- Country: Switzerland
- Canton: Vaud
- Capital: Renens

Area
- • Total: 26.35 km^{2} (10.17 sq mi)

Population (2020)
- • Total: 79,015
- • Density: 2,999/km^{2} (7,767/sq mi)
- Time zone: UTC+1 (CET)
- • Summer (DST): UTC+2 (CEST)
- Municipalities: 8

= Ouest Lausannois District =

Ouest Lausannois District is a district in the canton of Vaud, Switzerland. The seat of the district is Renens.

==Geography==
Ouest Lausannois has an area, As of 2009, of 26.35 km2. Of this area, 6.45 km2 or 24.5% is used for agricultural purposes, while 3.59 km2 or 13.6% is forested. Of the rest of the land, 16.07 km2 or 61.0% is settled (buildings or roads) and 0.15 km2 or 0.6% is unproductive land.

==Demographics==
Ouest Lausannois has a population (As of ) of .

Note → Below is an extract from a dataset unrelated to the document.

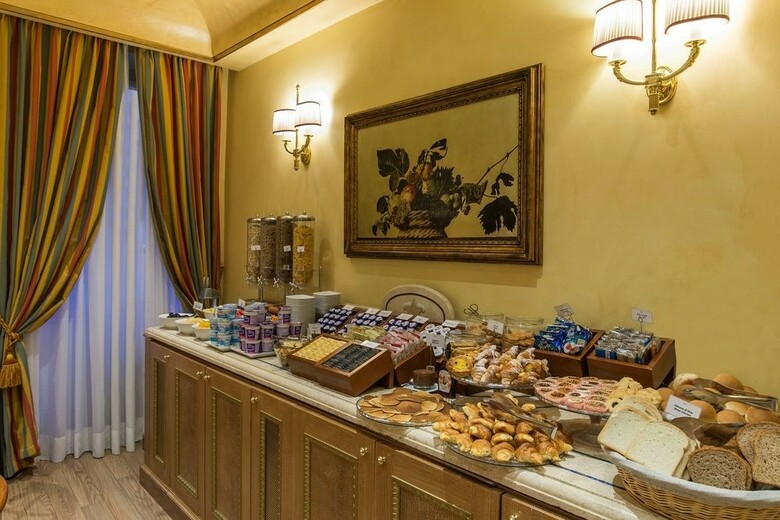 River Palace Hotel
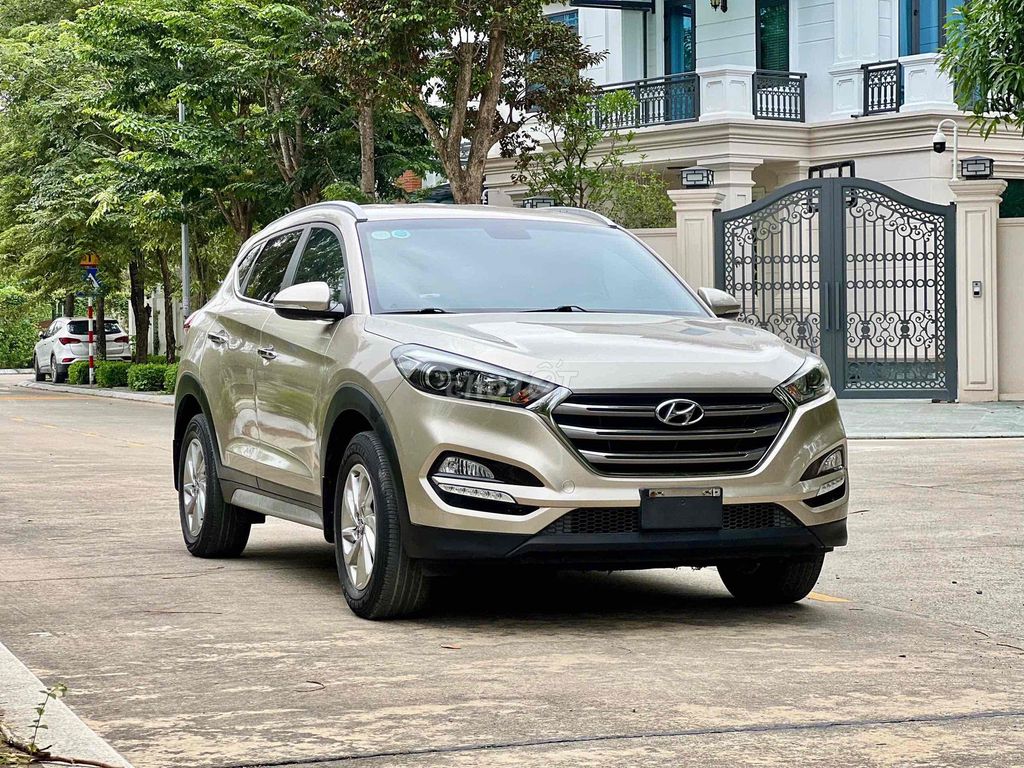 Hyundai Tucson 2.0 AT sản xuất 2019. Mua bán Ô tô tại Quận Hà Đông Hà Nội được đăng bởi A Huan  hình 2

In 2008 there were 397 live births to Swiss citizens and 430 births to non-Swiss citizens, and in same time span there were 362 deaths of Swiss citizens and 75 non-Swiss citizen deaths. Ignoring immigration and emigration, the population of Swiss citizens increased by 35 while the foreign population increased by 355. There were 19 Swiss men who emigrated from Switzerland. At the same time, there were 861 non-Swiss men and 806 non-Swiss women who immigrated from another country to Switzerland. The total Swiss population change in 2008 (from all sources, including moves across municipal borders) was an increase of 765 and the non-Swiss population increased by 876 people. This represents a population growth rate of 2.6%.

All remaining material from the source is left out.